A question on whether capital intensity needs to rise to support 2027–2028 growth drew a clear "no": onsemi has the capacity in place and can grow substantially before approaching full utilization.

Q: "At what point do you need to take up your capital intensity above the 5% level… to support the growth in 2027 and 2028?"
— Gary Mobley, Loop Capital

A: "I do not anticipate any change to our capital intensity… mid-single-digit percentage of revenue for the foreseeable future… To get to fully utilized… just over 90%… we would need revenue that is 25% to 30% higher than where we are today… we have a lot of capacity here."
— Thad Trent, CFO

Assessment: The capex-light recovery is the ideal financial backdrop: 25–30% of revenue headroom to full utilization, with that growth dropping through to margin and free cash flow at mid-single-digit capital intensity. It substantially raises the through-cycle free-cash-flow profile and underwrites the buyback. It is a genuine structural positive, and, consistent with the theme of this quarter, it is one the market has already rewarded.

What They're NOT Saying

  1. No full-year 2026 revenue guide: Despite the "second half outgrows first half" framing, management would not put a number on full-year revenue or AI as a precise percent of sales, leaving the magnitude of the recovery to be triangulated from quarterly guides.
  2. AI composition undisclosed: Management declined to break the AI doubling into GaN versus SiC versus Treo contribution ("not breaking it down to that level by product family"), keeping the margin mix within the AI growth opaque.
  3. Restocking still undated: Automotive replenishment "has not happened yet"; management frames it as upside "if that were to happen later in the year" but will not date it, so the biggest remaining catalyst is unscheduled.
  4. No comment on the share price: Management did not address the ~90% year-to-date run, but the $346M Q1 buyback at an average of $60.54 (versus the ~$102 current price) implicitly frames the company's own valuation reference far below the market price.
  5. Pricing benefit deferred and vague: Surgical pricing actions to offset input costs are described as a second-half P&L event, but management gave little detail on magnitude or breadth.

Market Reaction

  • Pre-print setup (the dominant fact): ON closed at $102.04 on May 4, having risen ~66% over the prior 30 days and ~88% year-to-date (and ~143% over the trailing twelve months), at an all-time high and the top of its 52-week range ($38.41–$103.03). The print followed one of the sharpest melt-ups in the large-cap semiconductor space.
  • Reaction session (May 5): ON gapped down 4.3% to $97.65, traded a wide $96.08–$105.81 range (−5.8% to +3.7%), and closed at $102.67, up just 0.6% (+$0.63), on volume of 22.7M shares versus a 9.6M-share 30-day average (2.4x normal).
  • Market context: The S&P 500 rose 0.8% on the session, so onsemi roughly matched the market despite a clear beat-and-accelerate quarter.
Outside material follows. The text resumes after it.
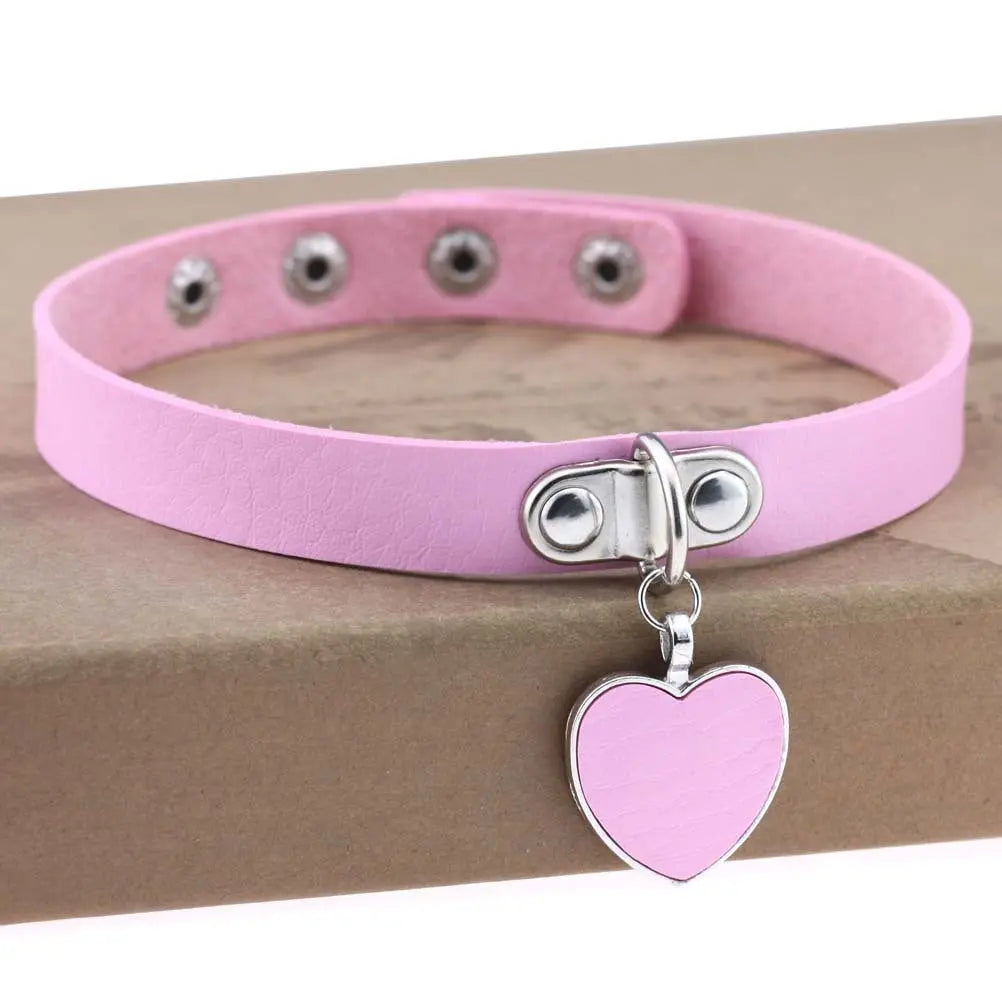 Heart Pendant Vegan Leather Bondage Collar  Collars and Leads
A +0.6% close on a quarter that beat on revenue and EPS, accelerated AI to +30% sequential, raised the AI full-year outlook to a double, expanded margins, and guided Q2 above seasonal is the single most important signal in this report. When a great quarter at an all-time high cannot move the stock, the market is telling you the good news is already priced.

Exhaustion at the highs: The intraday pattern (gap down 4.3%, recover, close roughly flat) is classic late-stage price action: aggressive sellers meet committed buyers, and the result is stasis at an elevated level. After a 66% 30-day run, the bar for a positive surprise had become nearly unclearable, and even an excellent quarter could not clear it.
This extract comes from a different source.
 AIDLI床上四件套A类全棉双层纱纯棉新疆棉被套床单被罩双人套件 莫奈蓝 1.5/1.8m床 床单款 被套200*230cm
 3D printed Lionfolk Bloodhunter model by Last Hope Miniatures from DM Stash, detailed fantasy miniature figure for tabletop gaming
The buyback reference point: Management repurchased stock in Q1 at an average of $60.54, roughly 40% below the current price. That is not a forward signal, but it is a useful anchor: the company was an aggressive buyer in the low-$60s and is now watching its stock trade near $102. The reaction and the buyback context together inform our valuation-driven downgrade.

Street Perspective

Debate: Has the Stock Run Too Far, or Is This the Start of a Growth Re-Rating?

Bull view: onsemi has transformed into an AI-power growth company. AI revenue is doubling, margins are expanding with "larger step functions" ahead, the second half outgrows the first, restocking is still to come, and capex is light. At ~33x FY26 and ~23x FY27, that is not expensive for a company compounding earnings 20%+ with a secular AI tailwind; the re-rating from cyclical to growth multiple is justified and has further to run as AI scales.

Bear view: The stock is up ~143% in twelve months and ~66% in a single month, to an all-time high at ~33x forward earnings, a multiple it has never sustained. AI is ~8% of sales; the other ~92% is a cyclical recovery that, while real, is well-understood. A muted reaction to a great quarter signals exhaustion. Any sector rotation, a stalled restocking cycle, or a single margin disappointment could trigger a sharp reversion from these levels.

Our take: The bull case on the business is correct; the bear case on the stock is more compelling at this price. The re-rating from a cyclical-trough multiple to a growth multiple has largely happened, capturing the inflection we identified at Q4. From ~$102, further gains require both continued earnings momentum (likely) and a held-or-expanded premium multiple (uncertain after a parabolic run), while the downside from a melt-up unwind is material. That is a balanced-to-unfavorable 12-month setup, which is the definition of a Hold.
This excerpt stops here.